*** Information shown ***

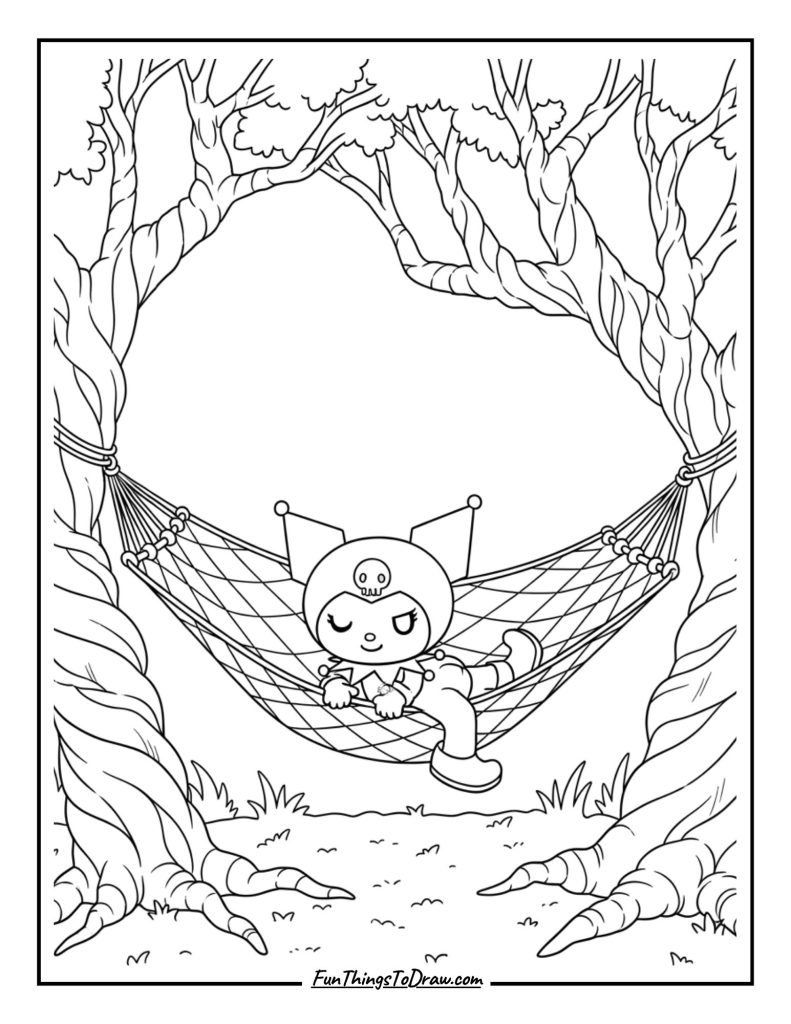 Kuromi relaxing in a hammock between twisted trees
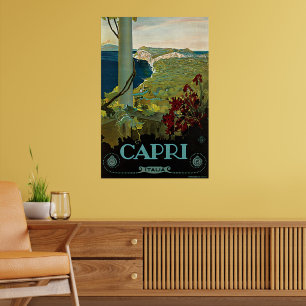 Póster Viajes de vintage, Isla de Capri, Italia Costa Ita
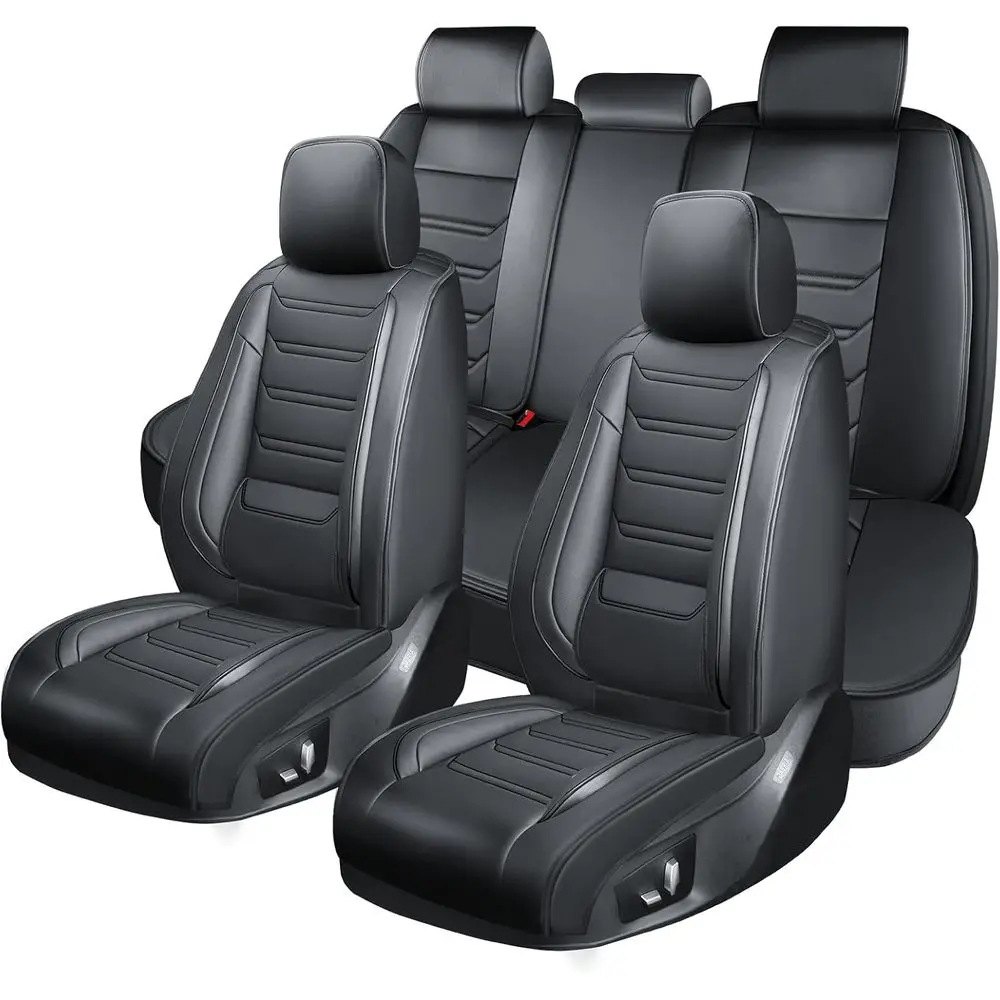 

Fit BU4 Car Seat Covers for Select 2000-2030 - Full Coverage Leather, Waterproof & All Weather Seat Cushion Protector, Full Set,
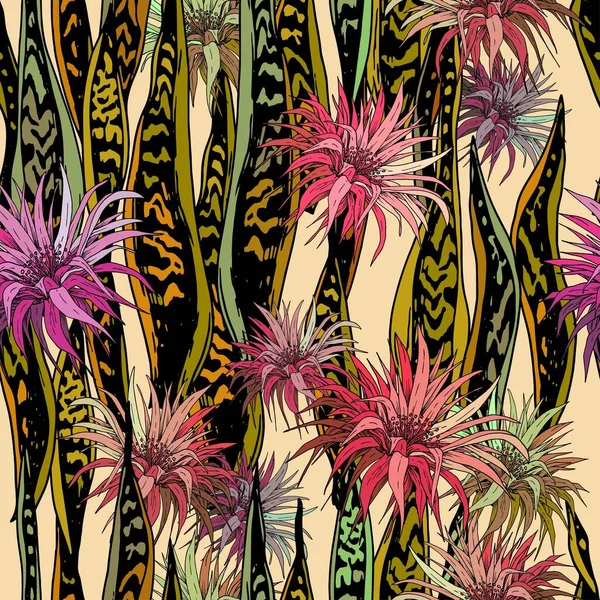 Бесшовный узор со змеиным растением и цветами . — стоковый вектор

*** End of Information shown ***
*** Information shown ***

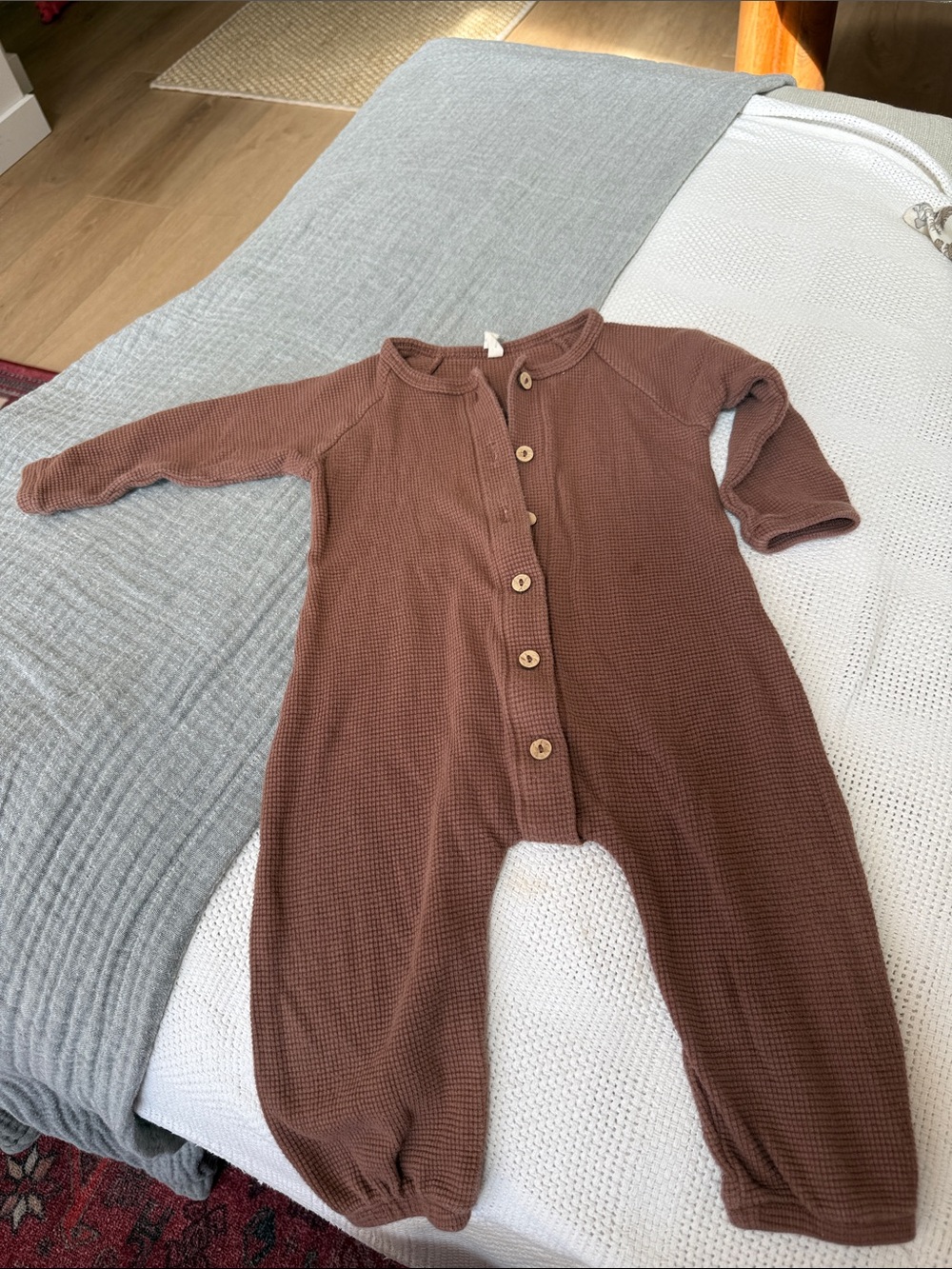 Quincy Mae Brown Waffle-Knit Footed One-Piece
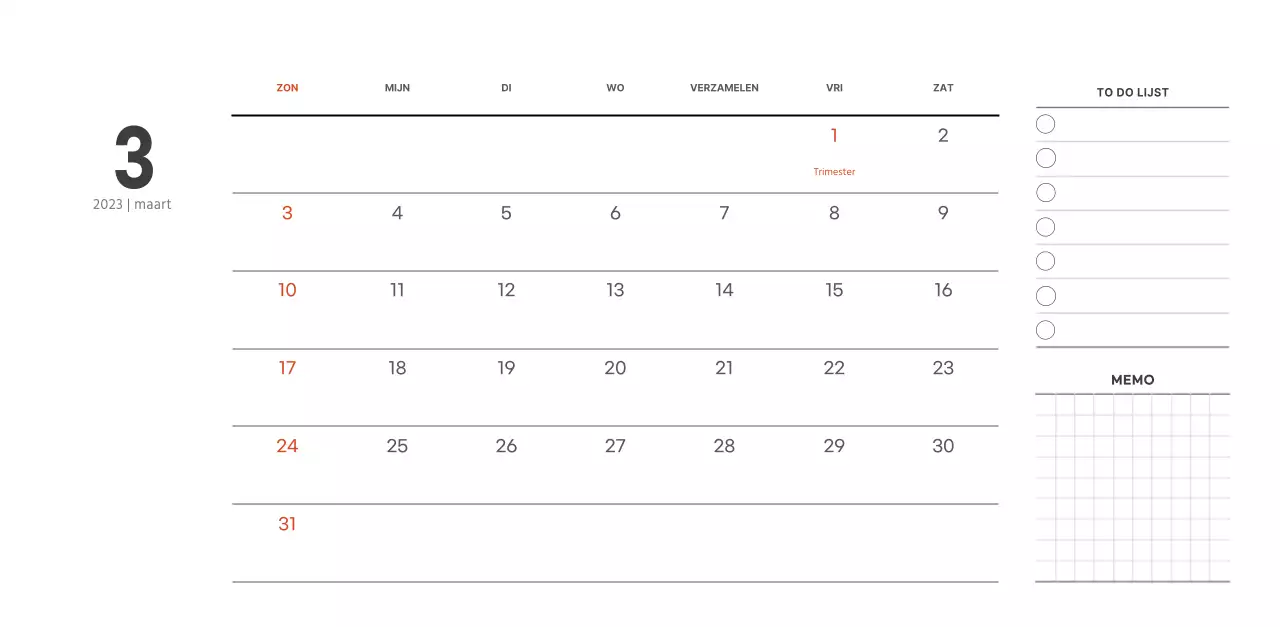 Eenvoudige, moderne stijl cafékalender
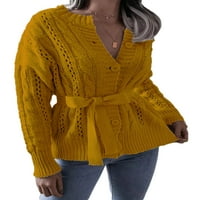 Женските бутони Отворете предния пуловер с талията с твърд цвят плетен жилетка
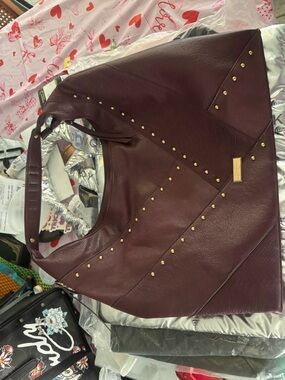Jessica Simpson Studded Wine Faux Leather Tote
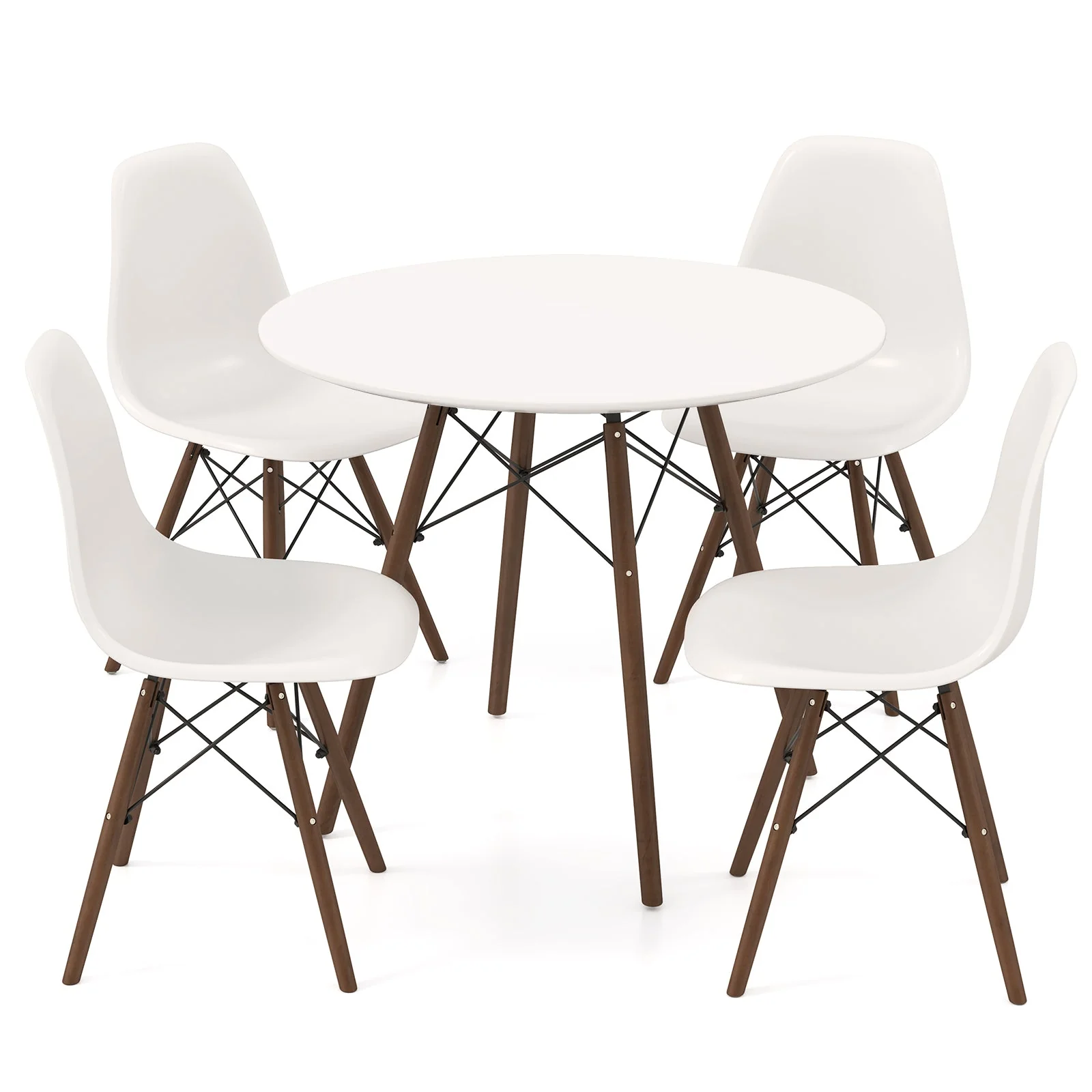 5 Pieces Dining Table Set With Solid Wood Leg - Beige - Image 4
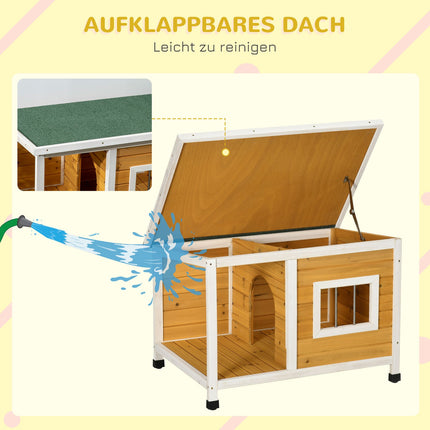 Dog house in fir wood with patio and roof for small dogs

*** End of Information shown ***

• **Exercise instructions**:
Within the listing above, print exactly the stretch beginning at the line that contains "Женските бутони Отворете" and finishing at the line that contains "Dog house in", ends kept, pictures left out, and nothing more.

• **Solution below**:
 Женските бутони Отворете предния пуловер с талията с твърд цвят плетен жилетка
Jessica Simpson Studded Wine Faux Leather Tote
 5 Pieces Dining Table Set With Solid Wood Leg - Beige - Image 4
 Dog house in fir wood with patio and roof for small dogs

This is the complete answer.